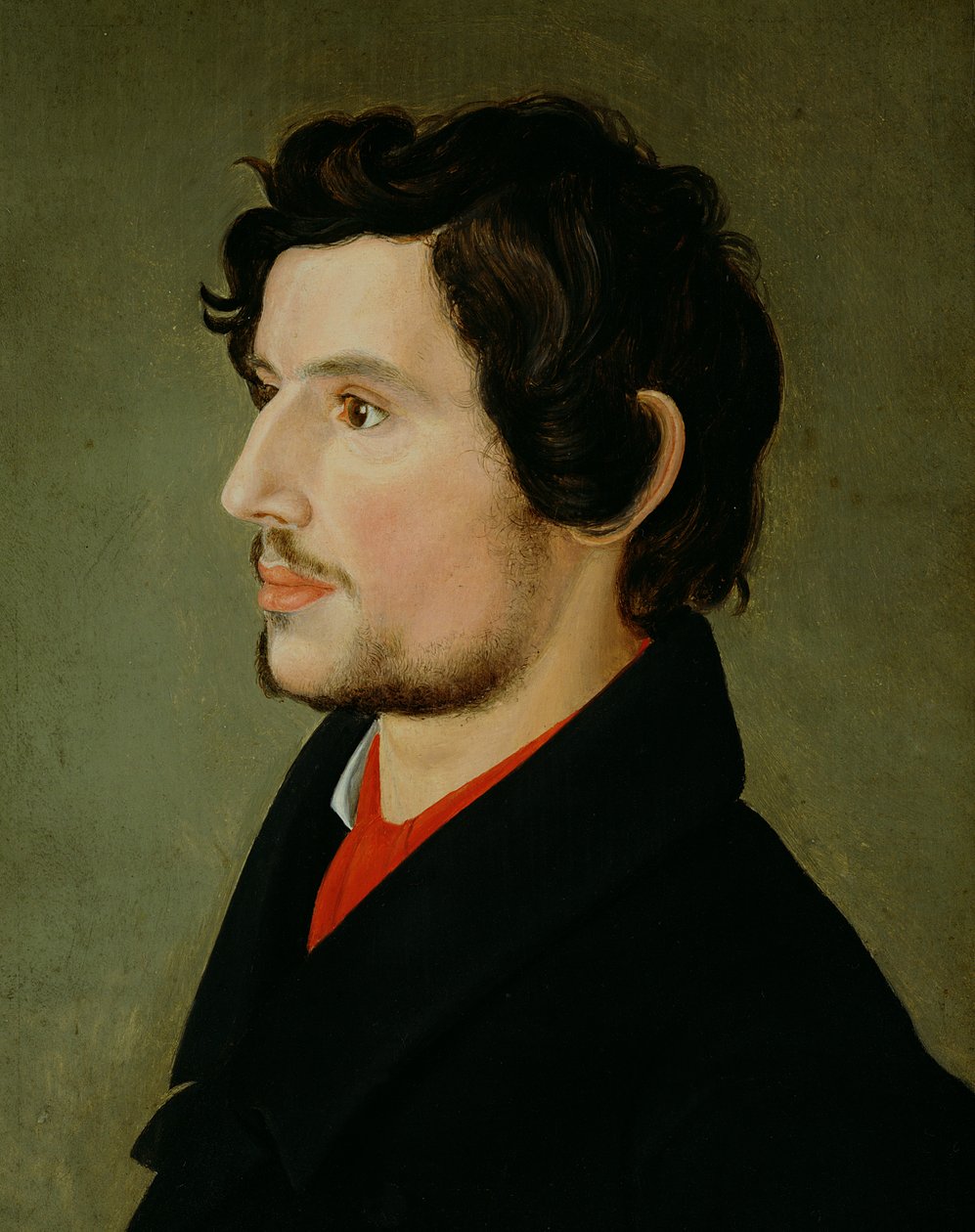 Otto Sigismund Rungen (1806-39) muotokuva tekijältä Julius Oldach
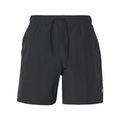 Bleu marine foncé - Front - Lyle & Scott - Short de bain - Homme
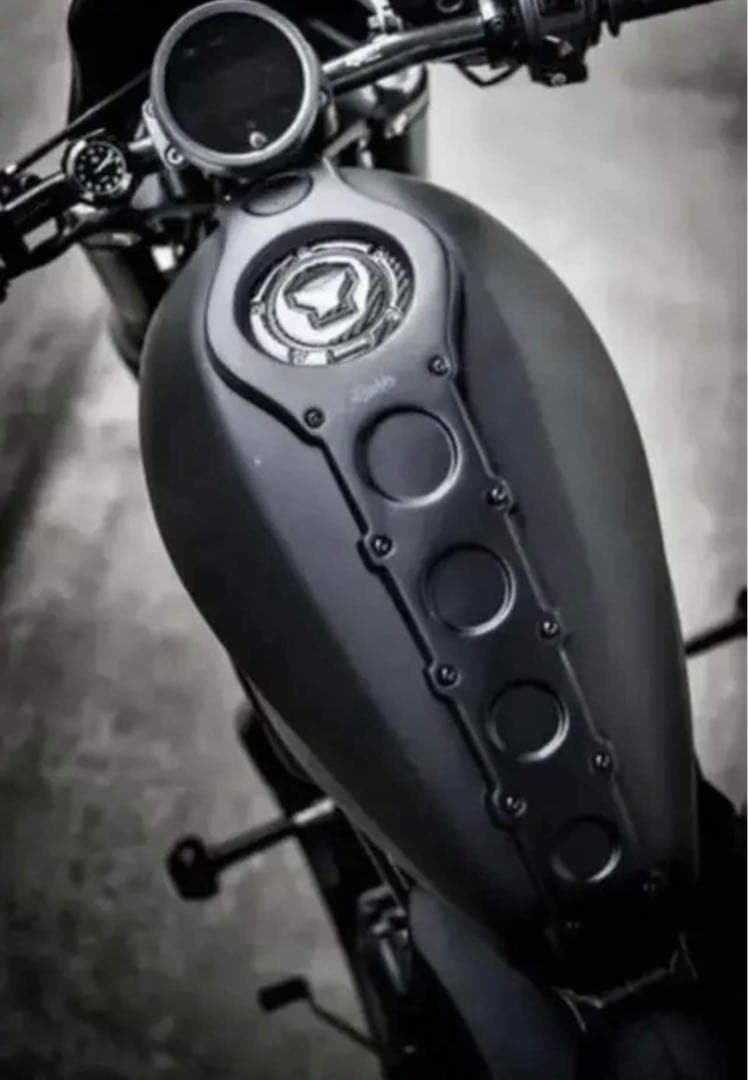 レブル250-500用タンクカバー　K-SPEED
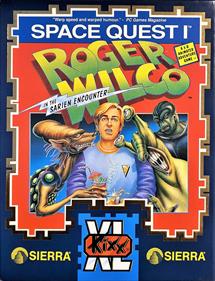 Space Quest I: Roger Wilco in the Sarien Encounter - Box - Front Image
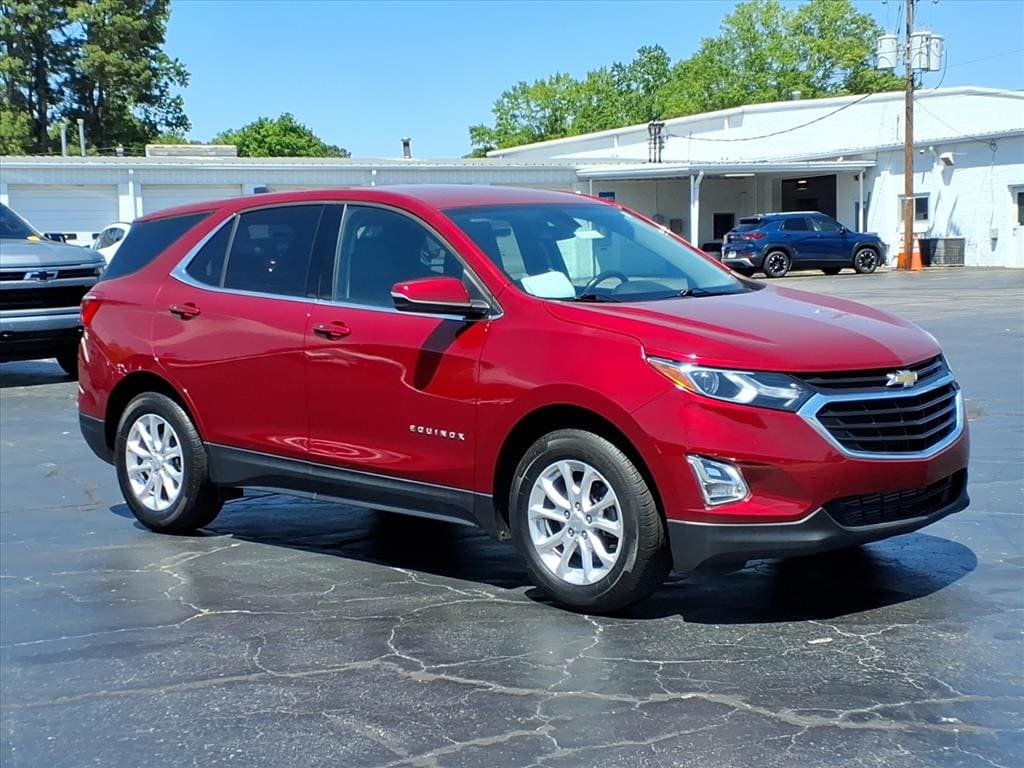 2018 Chevrolet Equinox LT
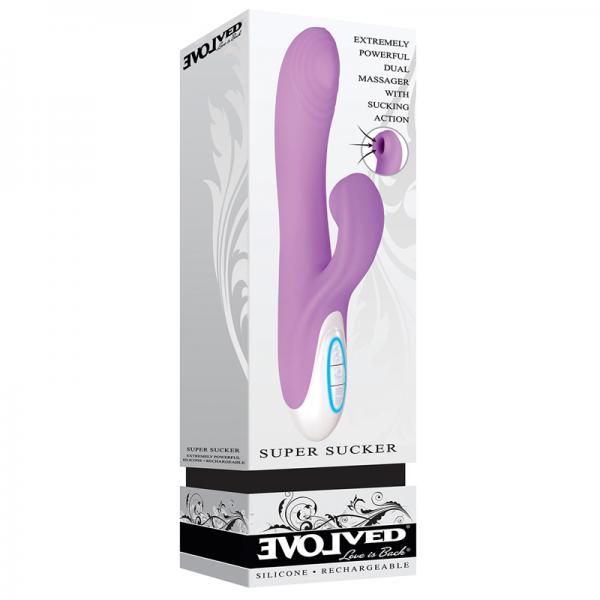 Evolved Rechargeable Super Sucker - ACME Pleasure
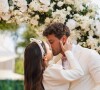 Internautas apontaram indireta de Larissa Manoela e de André Luiz Frambach para os pais da atriz em look do noivo em casamento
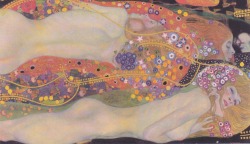 artgods:Water Snakes II | Gustav Klimt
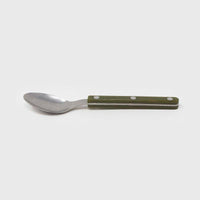 Sabre Paris Khaki Bistrot Cutlery Teaspoon - BindleStore.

**What you should do:**
Write out again only the lines from the line that contains "2018 Chevrolet Equinox LT" through the last line of the records, both ends included, without any of the pictures.

**Result of this exercise:**
 2018 Chevrolet Equinox LT
 Evolved Rechargeable Super Sucker - ACME Pleasure
 Internautas apontaram indireta de Larissa Manoela e de André Luiz Frambach para os pais da atriz em look do noivo em casamento
 artgods:Water Snakes II | Gustav Klimt
 Sabre Paris Khaki Bistrot Cutlery Teaspoon - BindleStore.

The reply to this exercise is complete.